- _Task instructions_:
In the records below, repeat word for word only the lines starting at the one that contains "Рычаг передний правый AUDI A4 B5 1995-2001" and ending at the one that contains "Punte spate Ford Focus 3 Break 2015", pictures excluded.

- _Excerpted data_:

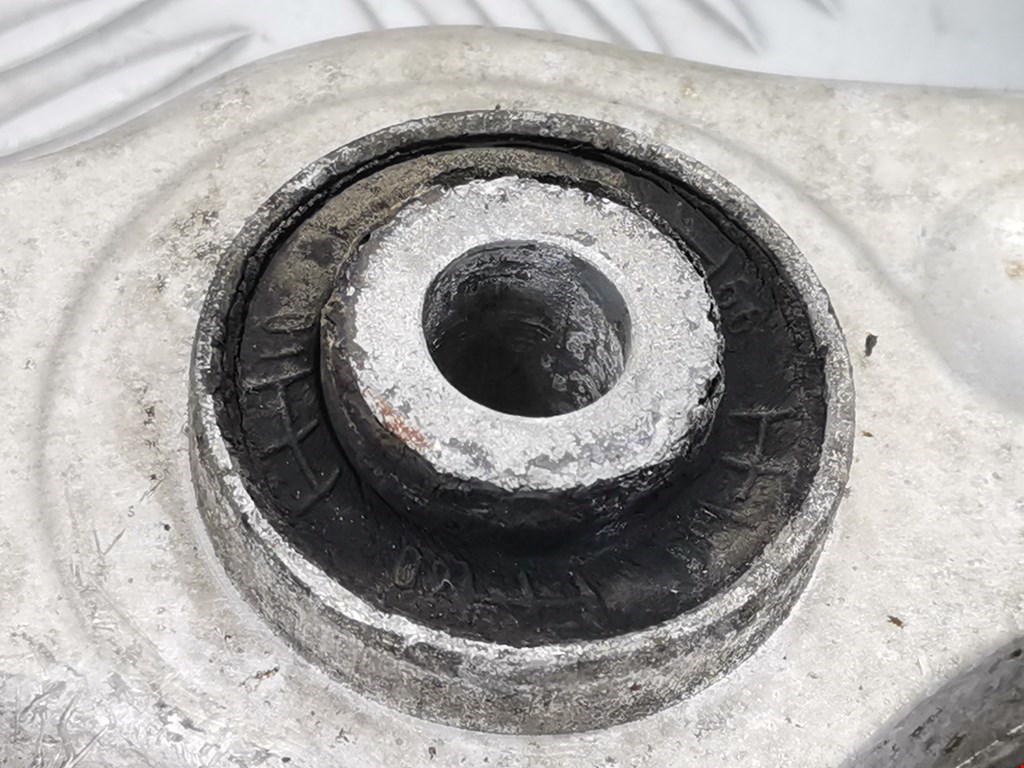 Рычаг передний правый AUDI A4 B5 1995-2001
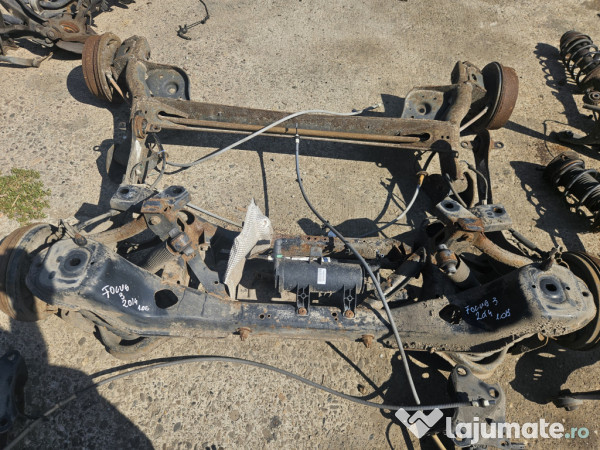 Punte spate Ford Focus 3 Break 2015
---
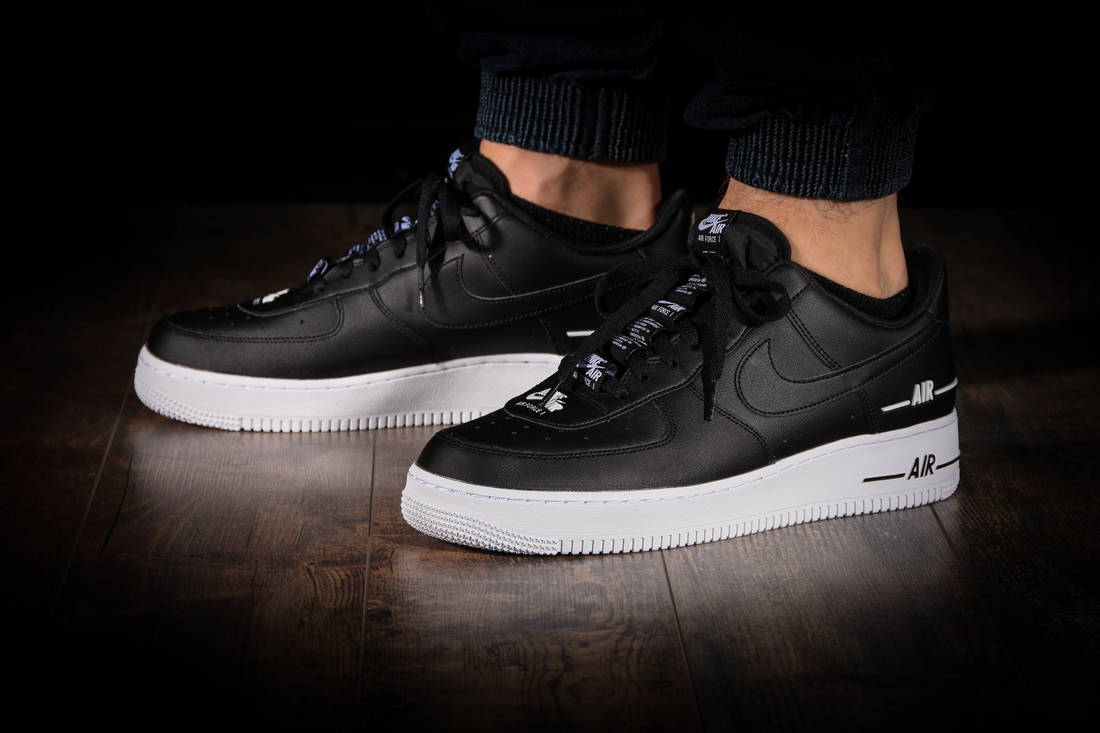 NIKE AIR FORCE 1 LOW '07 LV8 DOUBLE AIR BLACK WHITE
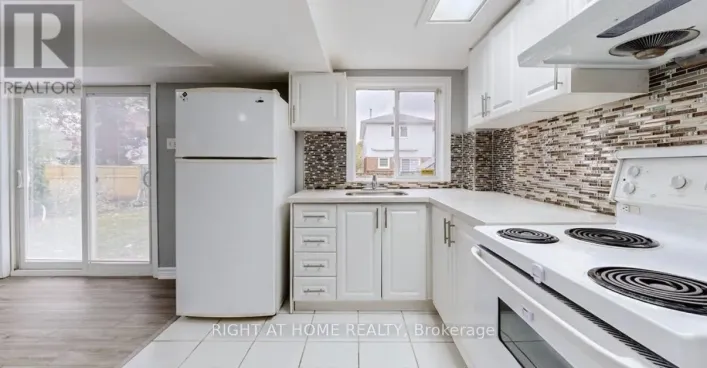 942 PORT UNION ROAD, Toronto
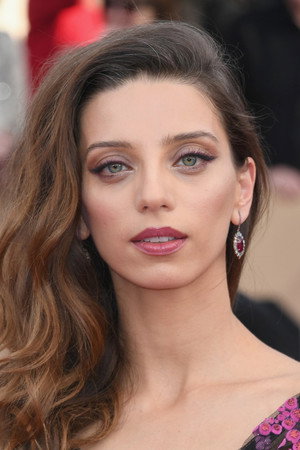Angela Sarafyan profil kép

- _Solution to this problem_:
 Рычаг передний правый AUDI A4 B5 1995-2001
 Punte spate Ford Focus 3 Break 2015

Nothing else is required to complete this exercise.